Recently, I was tried an Italian Baked Fig Ball. I’ve always enjoyed pan de higo, the Spanish fig cake often made with almonds. The fig ball is similar except the figs are softened completely by baking, then shaped into a ball and wrapped in fig leaves. This also intensifies their treacle-y flavour. The taste is darkly sweet and fruity like a festive figgy pudding. I paired it with a salty feta cheese (sheep’s and goat’s milk makes the best tangy cheese) for a delicious mingle of sweet and sour flavours. The fig ball would make an unusual Christmas gift too. Calabria Baked Fig Ball. £5.85 (200g). www.seggiano.com.
A warming amontillado sherry is a favourite tipple from now until Christmas. As a change from a non-fortified wine, sherry’s robust flavours pair so well with homemade soups, fresh walnuts and a good strong cheese.

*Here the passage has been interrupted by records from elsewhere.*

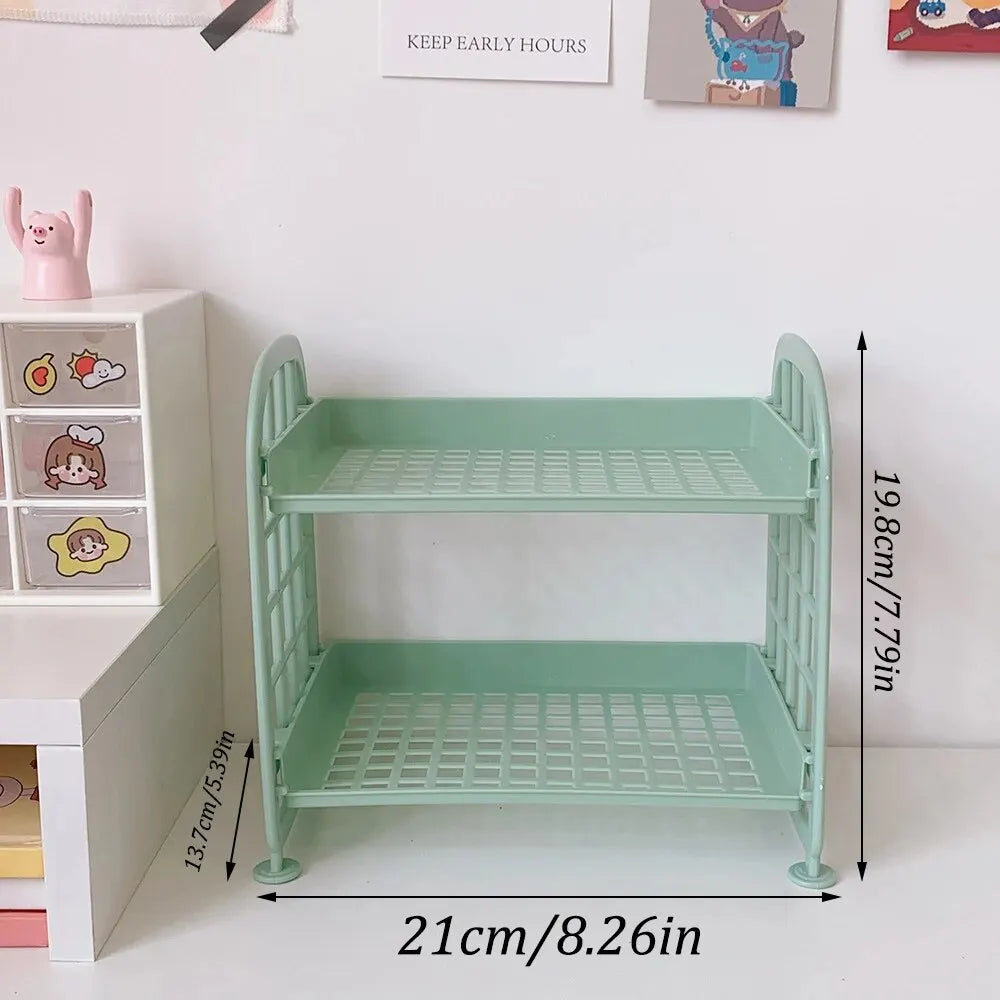 High-Quality Horizontal Desktop Storage Shelf – Simple Multi-Tier Dormitory & Office Organizer – Space-Saving Storage Solution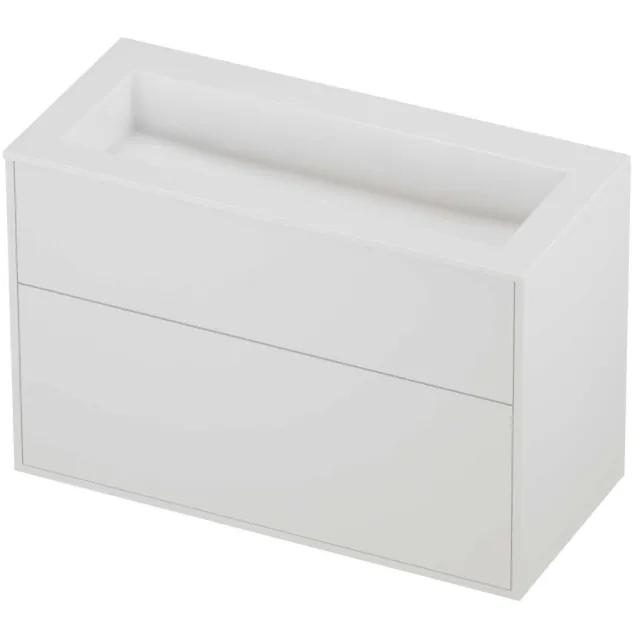 Proline Aristo Badmeubelset Polystone Elegant 2 Laden 100x46x67 cm Glans Wit Mat White Mat Wit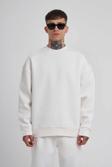Unisex Biskilet Yaka Üç İplik SweatShirt - Beyaz
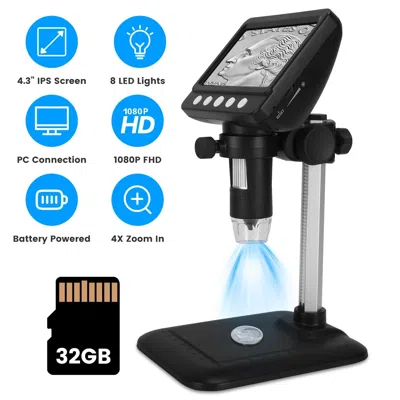 Eruule 4.3inch Lcd Digital Microscope 1000x 1080p Photo Video Error Coin Magnifier With 8 Dimmable Led Ligh In Black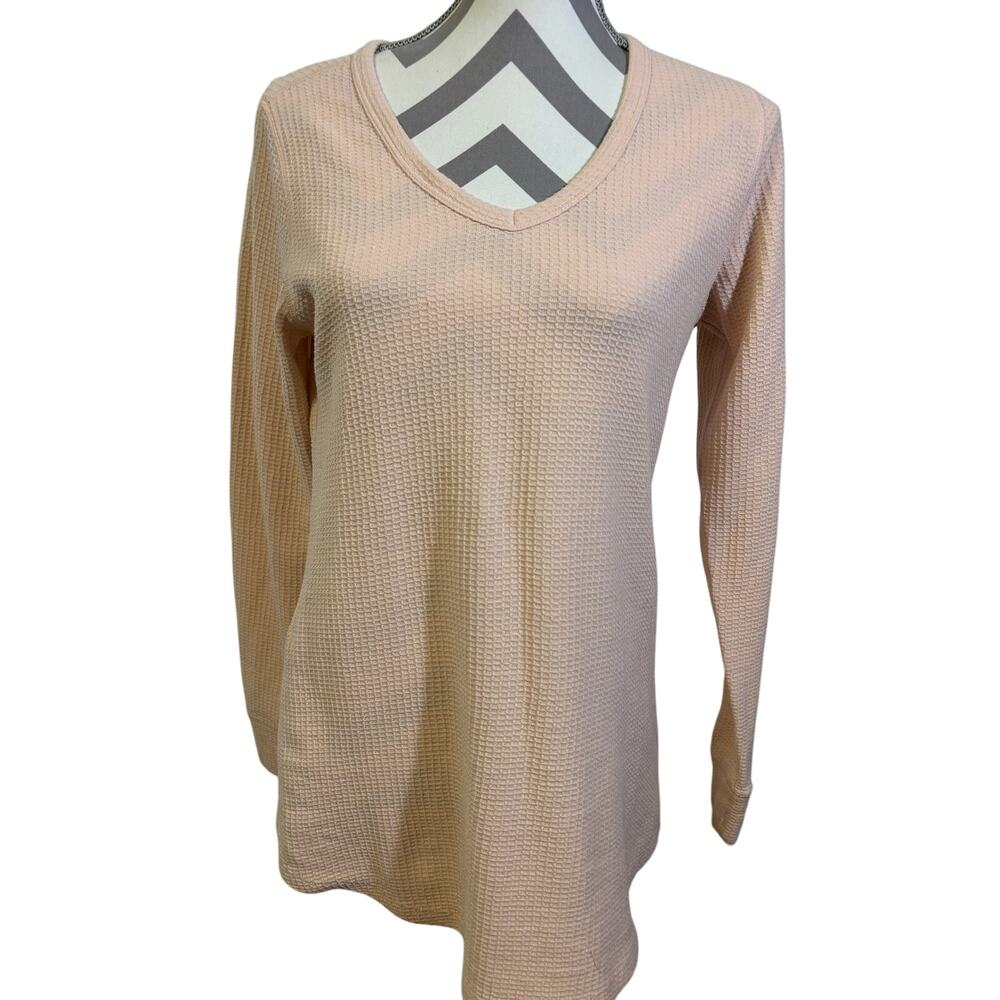 Columbia Waffle Knit Pink Long Sleeve Base Layer Small Round Neck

A gift of Blue Aurora English Blueberry Ice Wine proved to be a new discovery. The aromas are those of dark berries, as you would expect, but surprisingly there’s also a floral touch of rose petals, and candied violet which reminded me of my grandmother who was partial to parma violets. The wine paired beautifully with a manchego cheese although the smooth, fruit flavours would work equally well as an alternative to crème de cassis in a French kir cocktail. The seductively rich colour is matched by the dark fruity flavours of the blueberries, even though fresh berries do not have the same depth of flavour as, say, blackberries. A light acidity saves it from being cloying. This is a very grown up wine. Serve chilled, with the manchego at room temperature to bring out the rounded, slightly tangy, creamy flavours to complement.
I also tried Blue Aurora Ice with a dark chocolately prune whip, made with luscious Agen prunes from France. The recipe originates from a vintage cookery book which uses oranges. Instead, in a mini blender add five or six plump soaked and cooked prunes, coconut or dairy yogurt to suit, a teaspoon or two of raw cacao powder and a dash of cinammon. Blend until fairly smooth. Spoon into pretty dessert dishes, or your favourite wine glass, dust with raw cacao powder and chill for a couple of hours or so.
Blue Aurora English Blueberry Ice Wine is made by the family-run Lutton Farm, just outside the market town of Oundle. It’s a happy by-product of the farm’s fruit growing concern. 37.5cl. Alc 10.5% vol. £17.95. https://blueaurorawine.co.uk
Autumn is the perfect time to forage the hedgerows for blackberries, rose hips and cob nuts. It goes without saying that foragers need to be mindful of sustainability so don’t strip the bush, leave some for others and the birds. Or you might be lucky enough to find somewhere offering fresh walnuts. Traditional English seasonal apples and pears, rarely or never seen in the shops, are well worth seeking out right now. Cook them without sugar and instead add a splash of vintage cider, and spices like cinnamon, for a quick autumn dessert or breakfast with yogurt or creme fraiche. A spoonful of mincemeat added at the end is good too as are the traditional blackberries. If you’re lucky enough to be offered a bag of apples, accept gratefully and prepare them for the freezer to last through the winter months.
Do you like to forage ad what’s your most memorable find? I’ll be foraging later this month with an expert forager in the Sussex countryside and will let you know how we get on.